Home

Awesome

NewsQuizQA

This repository contains the raw dataset used for quiz-style question-answer generation, from "Quiz-Style Question Generation for News Stories" to appear in The Web Conference 2021 (WWW'21).

The dataset consists of news article URLs and their associated human-written quiz-style question-answer pairs. Each news article has exactly four reference question-answer pairs. A quiz-style question is one that must be able to be answered without assuming that the reader has access to any other source material. For example, certain reading comprehension questions containing direct references such as "according to the passage" or dangling mentions such as "what did she say?" would not be considered quiz-style.

For this initial release, 11.6K question-answer pairs are included out of the 20K in the complete dataset.

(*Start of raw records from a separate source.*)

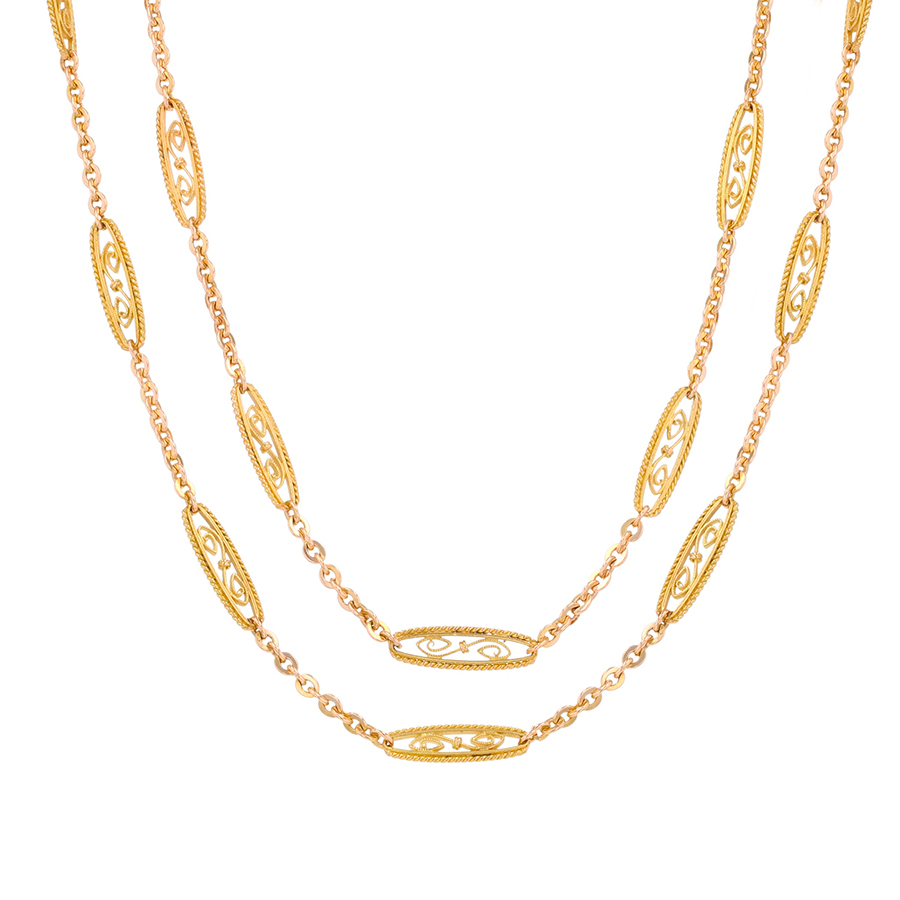 Collier sautoir Parfait état - 7600,00 € Collier sautoir Parfait état reconditionné disponible sur Gemme Les Bijoux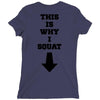 This Is Why I Squat Ladies Fitted T-Shirt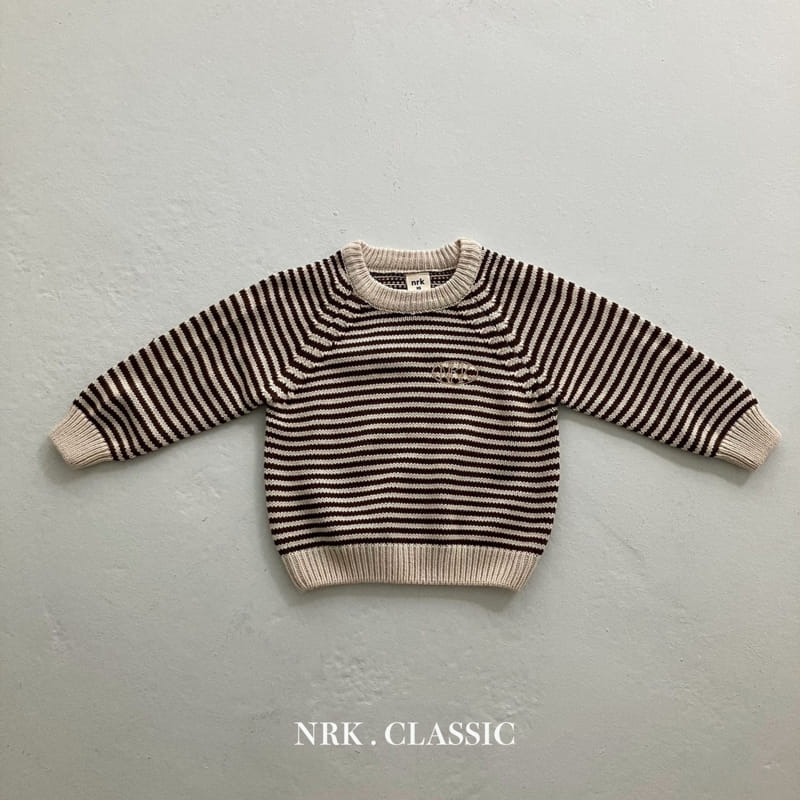 Nrk - Korean Children Fashion - #kidsstore - 4 Side Knit Tee - 4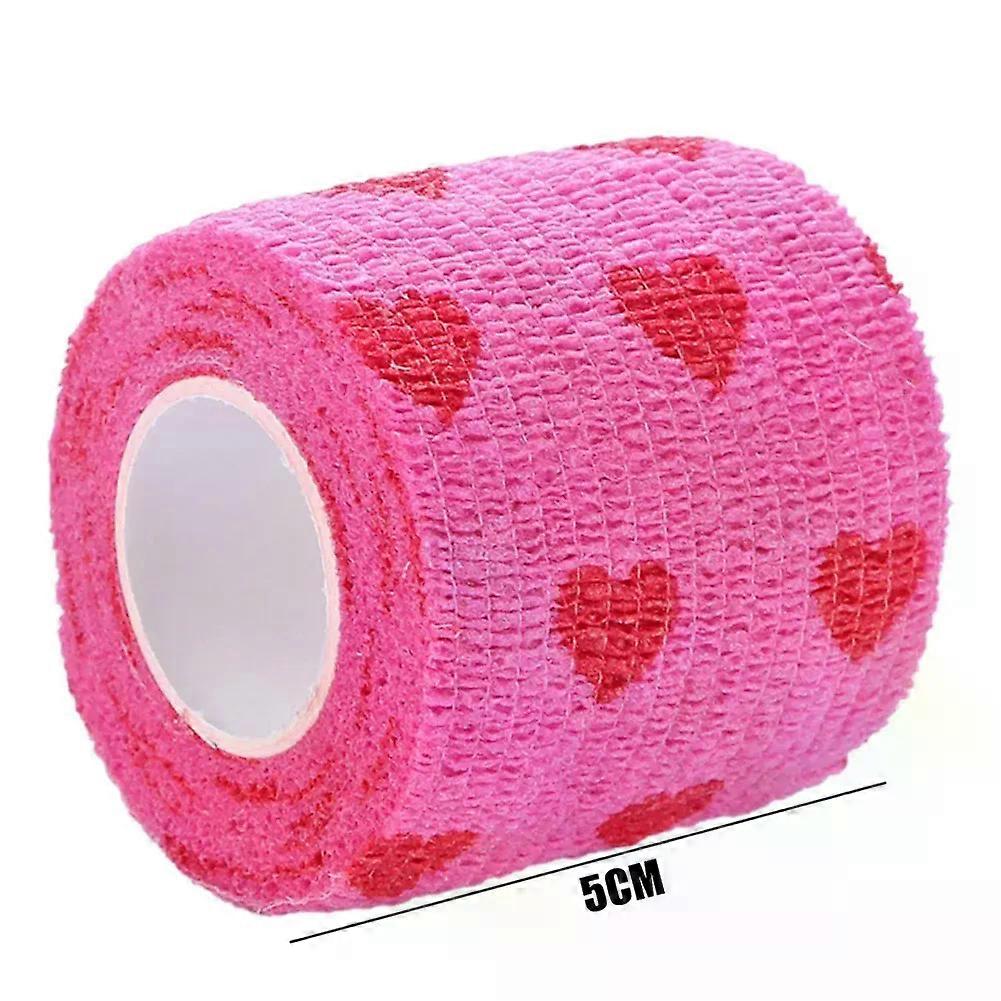 Stand Pet Dog Cat Medical Breathable Elastic Bandage Non-woven Pet Self Adherent Wound Outdoor Retractable Sports Tape Dog Accessories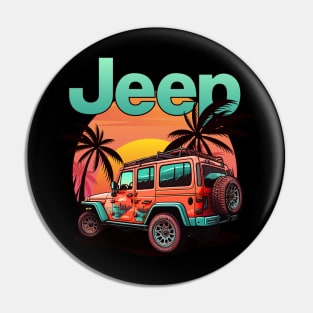 Jeep Sunset Adventure Pin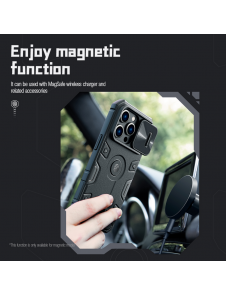 Nillkin CamShield Armor PRO Magnetic Hard Case för Apple iPhone 14 Pro Svart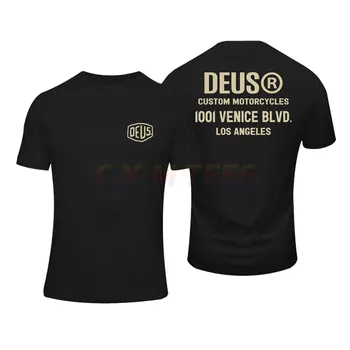 Невероятни тениски с принтом, мъжки t-shirt Deus, двустранен Ежедневни тениска Ex Machina Оверсайз, Мъжки ризи с графичен дизайн, къс ръкав, S-3XL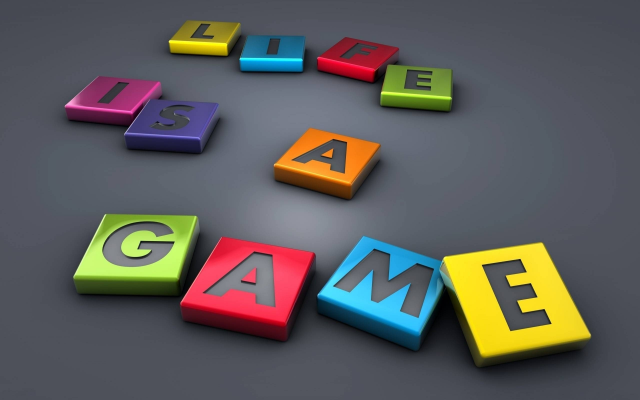 2560x1600 pix. Wallpaper life is a game, 3d, graphics, word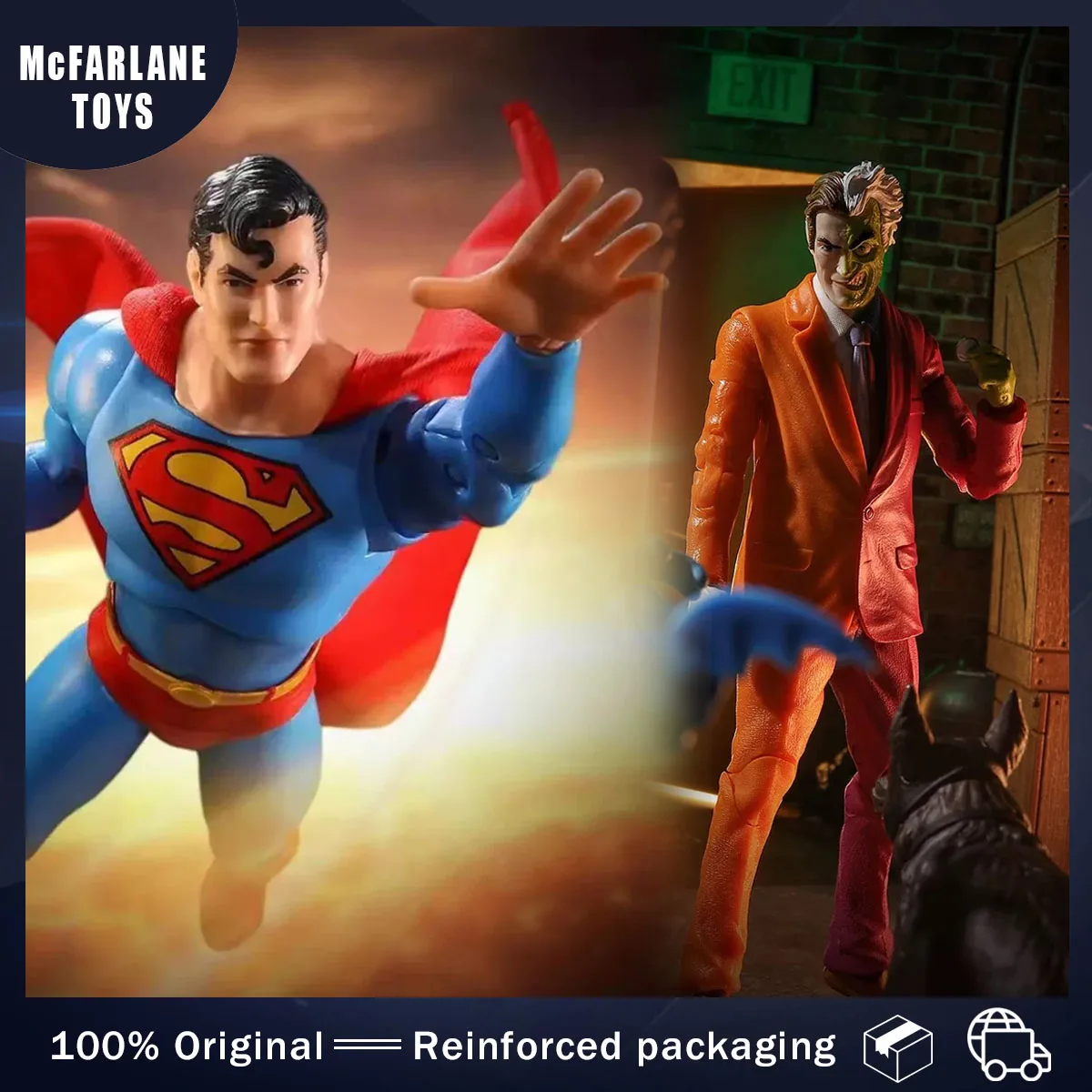 McFarlane Toys DC Multiverse Silver Age: Two-Face &amp Superman Фигурка 18 см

Additional question-answer pairs will be released in subsequent versions of the dataset.

Dataset Construction

A proprietary clustering algorithm iteratively loads articles published in a recent time window and groups them based on content similarity. To construct the dataset, on a weekly basis the top 50 clusters are taken and for each cluster a representative article close to the centroid is selected. For each article a summary is generated using a PEGASUS model fine-tuned on the CNN/Dailymail summarization dataset. Summaries are used for more efficient data collection over using entire news articles, which can be long and time consuming to read for human writers. Each summary is then given to five human writers who are asked to read the passage and write a question and answer pair that abides the following rules:

  1. The question is answerable based on information from the passage only.
  2. The question can stand alone without the passage. I.e., it provides enough background to understand what is being asked, without the passage.
  3. The question has a short answer. I.e., not “how” or “why” type questions that can only be answered by a full sentence.
  4. The question should be about one of the most interesting or important aspects of the passage.
  5. The question ends with a question mark.
  6. The question is not a "Yes" / "No" question.
  7. The answer is a word or short phrase with no ending punctuation.
  8. The answer conveys only the answer, does not contain unnecessary parts, and does not restate parts of the question.

From this process, we collect exactly 26,000 question-answer pairs from 5,200 news article summaries. We then apply a post processing step to mitigate low quality questions. Namely, the human-written questions are processed via a state-of-the-art grammar error correction model in order to fix minor grammar, spelling, punctuation, and capitalization errors. Then, the shortest question written for each summary is removed, as well as any question containing specific blocklisted phrases such as "I" or "According to the passage." Aftwards, only the summaries with exactly four human written question-answer pairs are kept for the final dataset. An 80-10-10 split is then randomly sampled from the 5k summaries to produce training, validation, and test sets, respectively.

Citation

If you use or discuss this dataset in your work, please cite our paper:

@InProceedings{newsquiz2021,
  title = {{Quiz-Style Question Generation for News Stories}},
  author = {Adam D. Lelkes and Vinh Q. Tran and Cong Yu},
  booktitle = {Proc. of the the Web Conf. 2021},
  year = {2021}
}